All of the data below should be printed again word for word, pictures excluded.

> **SUPPLIED MATERIAL**
=== Section Start ===
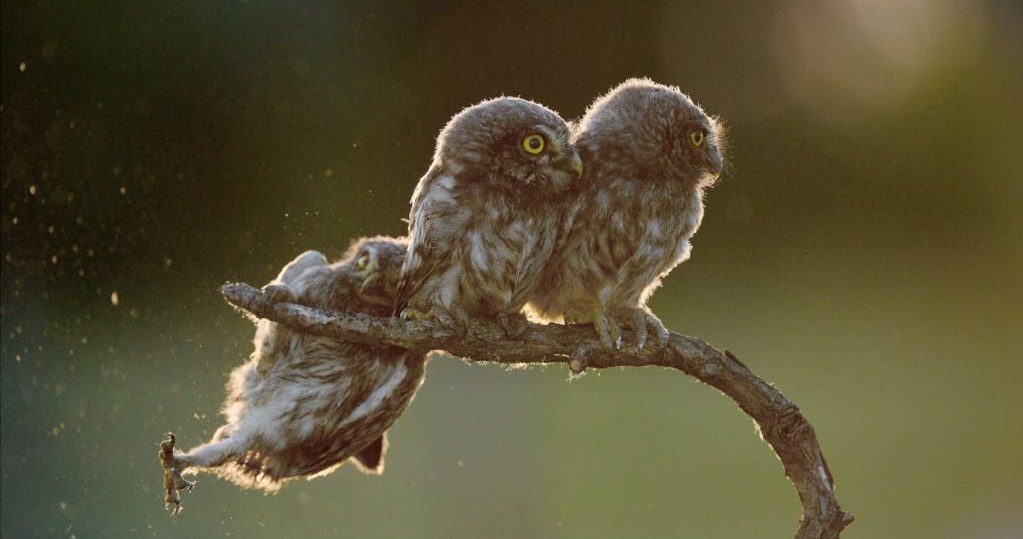 fotos de animais engraçados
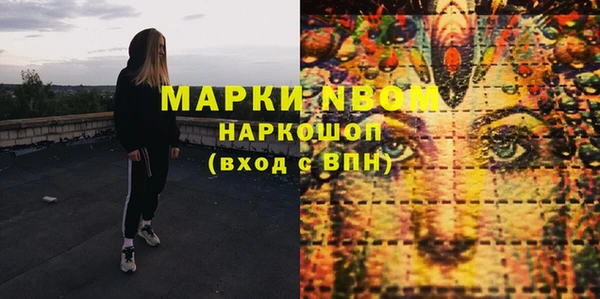 сатива Беломорск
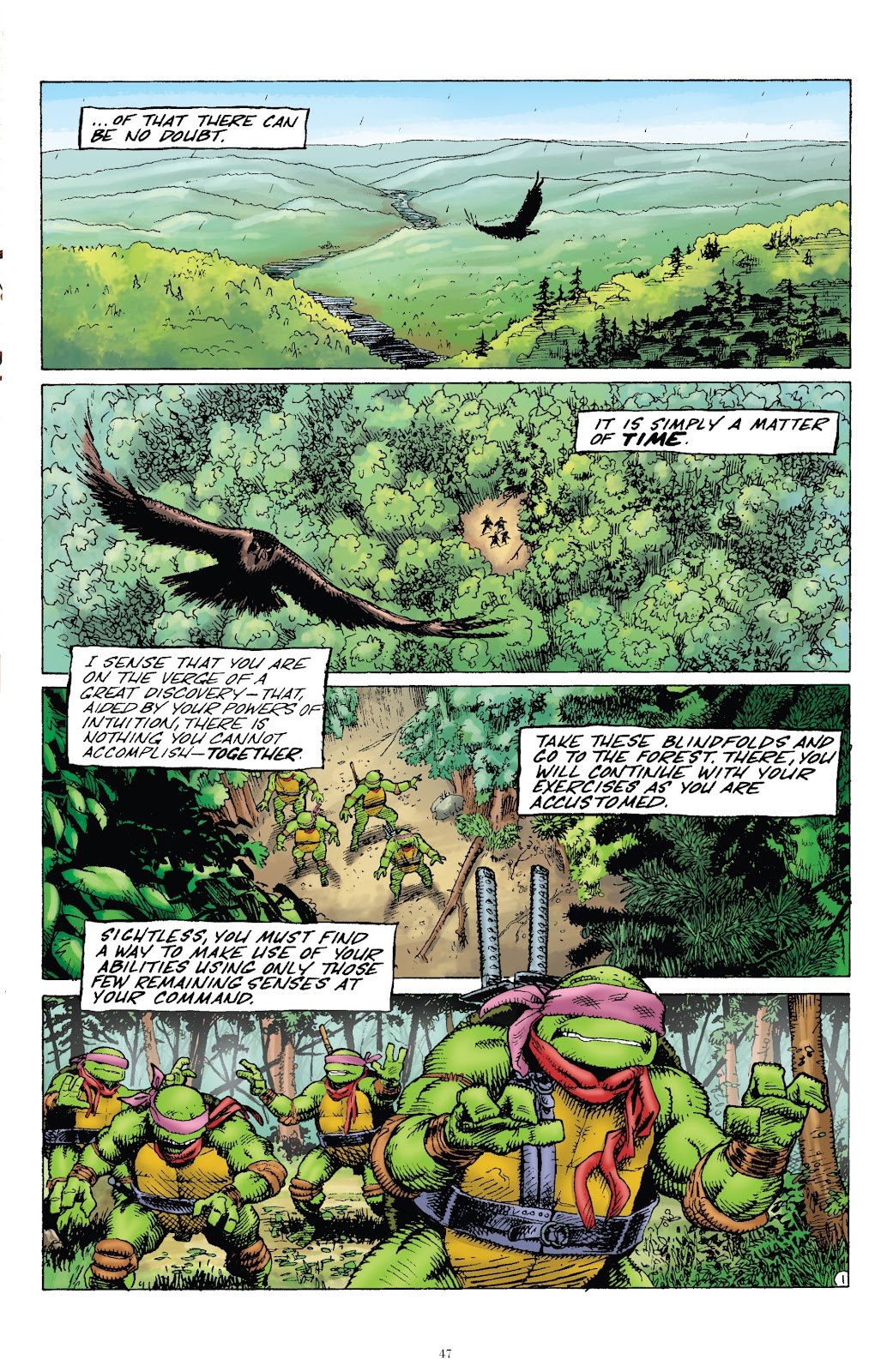 Teenage Mutant Ninja Turtles Classics issue Vol. 6 - Page 48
=== Section End ===
> **ANSWER TO THE PROBLEM**
 fotos de animais engraçados
 сатива Беломорск
 Teenage Mutant Ninja Turtles Classics issue Vol. 6 - Page 48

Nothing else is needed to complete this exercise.